Last month, Senate Majority Leader Dean Florez, an outspoken leader on food safety and animal rights, hosted a special screening of the documentary, FOOD, INC. for a roomful of legislators in Sacramento. Thanks to a friend who works at the capitol, I was able to sneak in. It'd been a very long time since I've been surrounded by that many people wearing suits, and discussing public policy is not one of my favorite ways to make small talk (SBX2 3 or SB 135, anyone?). But seeing this important film with a roomful of legislators who were excited about sustainable food and who could actually institute change was one of the most powerful experiences I've had in a movie theatre.
You will soon be hearing a lot about FOOD, INC., a documentary directed by Robert Kenner, winner of both a Peabody and an Emmy for his previous film, Two Days in October.
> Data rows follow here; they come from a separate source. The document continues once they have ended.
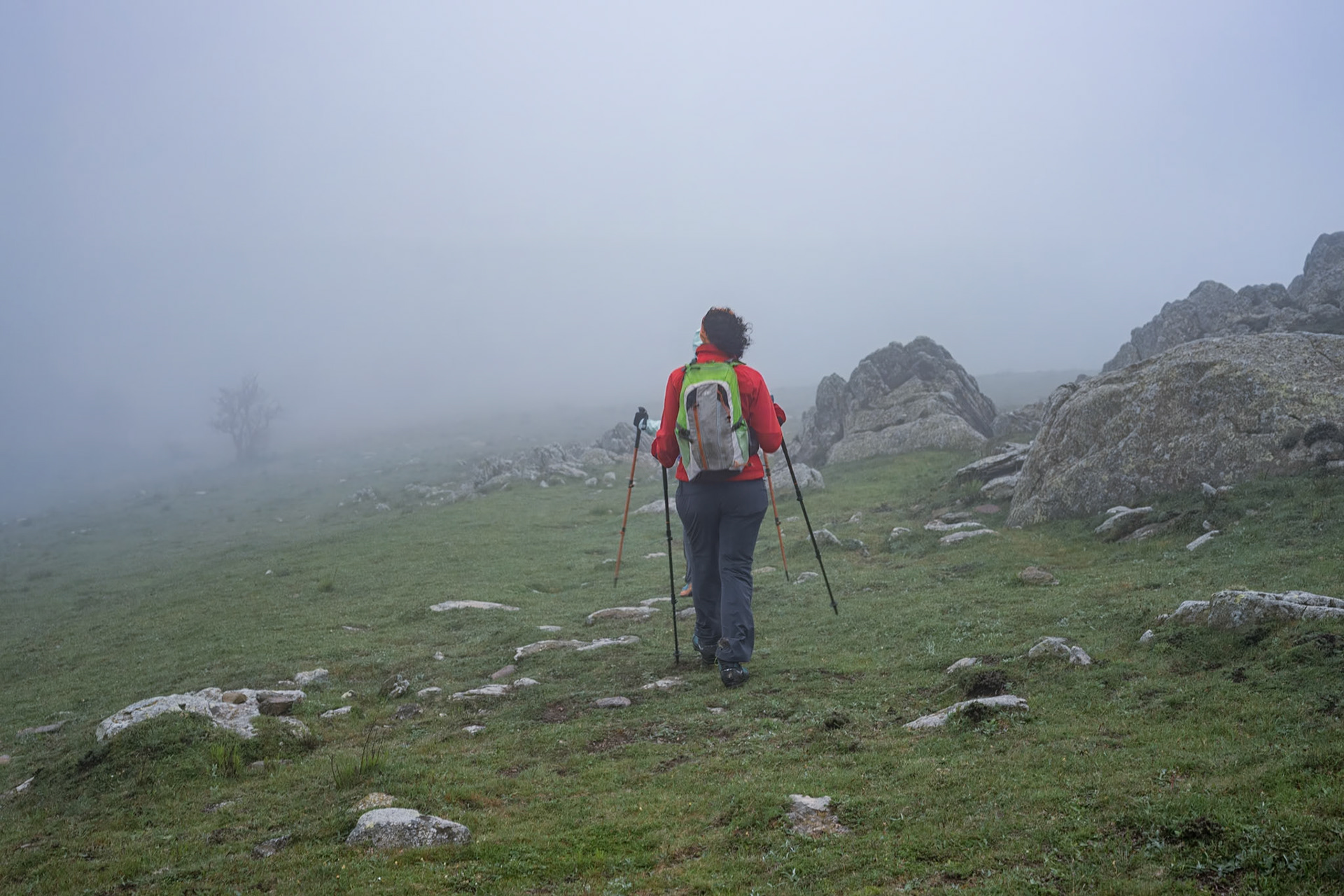 ARP 41.1. Coll de l'Ullat - Coll de Banyuls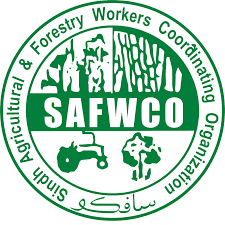 Sindh Agriculture & Forestry Workers Coordinating Organization — SAFWCO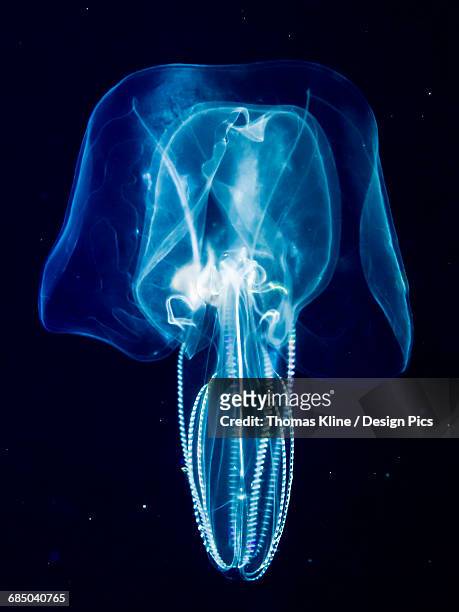 bolinopsid comb jelly (ctenophore) that was photographed several miles offshore of a hawaiian island during a blackwater scuba dive - comb jelly stock pictures, royalty-free photos & images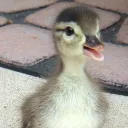 SickDucken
Opening in San Francisco on June 12, this latest release by Magnolia Pictures tackles the unenviable job of educating consumers about the agricultural industry. It's being called the Inconvenient Truth of the food world, and the quality of its production certainly compares well. Super-saturated colors, animation, engaging graphics, a sprinkling of humor to lighten its distillation of immense amounts of information, and a line-up of articulate, passionate speakers all meld into a highly viewable documentary.
Eric Schlosser, co-producer, and Michael Pollan, both ground the film with their journalistic approach. The soundtrack, with its ominous rumbling beneath mass production and the folksy guitar accompanying underdogs, manages to reveal the film's underlying stance, but FOOD, INC. strives admirably to present multiple views. Of course, that's a challenge when corporations refuse to take part in the conversation. (Monsanto, Tyson and many others declined to appear in the film.) The film offers a surprisingly evenhanded treatment of Walmart executives accompanied by Gary Hirshberg, CEO of Stonyfield Farm. Even more, rock stars of the sustainable food world, such as self-proclaimed grass farmer, Joel Salatin, inadvertently reveal the gray areas of their own much praised business models. After all, how sustainable are loyal customers who drive 400 miles to buy happy, healthy meat?